Human history and archaeology date Haida occupation back thousands of years. There was a time in this storied archipelago when Haida laws ruled. These rules were based on a relationship to land, the waters, formed by life in the mountains, valleys and along the riparian streams that make up what the first settlers would call The Queen Charlotte Islands. The land mass alone is an estimated 10.180 Sq. kms.
Gold mining changed a few things too, eventually morphing into a complex myriad of capitalist ventures. And the government would protect settler interests for a century and more. Yet, change was inevitable. The greatest fear-mongering from the Fraser Institute comes down to this. Fee simple land holdings should get to vote on the Haida title issues.

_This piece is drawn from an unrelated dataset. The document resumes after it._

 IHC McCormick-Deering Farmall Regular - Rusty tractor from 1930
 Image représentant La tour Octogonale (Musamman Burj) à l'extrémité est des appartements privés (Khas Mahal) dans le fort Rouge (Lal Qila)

They don’t have the same right as Haida citizens and there are legitimate concerns over what may happen to fee simple title holders.
Fee simple was created during the feudal era in Europe. In the United Kingdom, the crown awarded land for service to the crown. So, it may be a simple thing. The solution of fee simple incoherence is a burden on the crown, not on Haida leadership. But a little patience may prove a positive feeling as all parties plan on ironing out any perceived incoherence.
I am a Walostoqey man. born and raised in New Brunswick. I am in a common law relationship with a Haida woman and we moved here in 2015. I am honoured as an accepted community member. I don’t get to vote on Haida matters and I am good with that. In fact, I am in complete support of the Haida’s success at self-determination. And I am impressed that the Haida Gwaii News advocates the free expression of ideas and opinions. Here, like everywhere else, everything depends on everything else.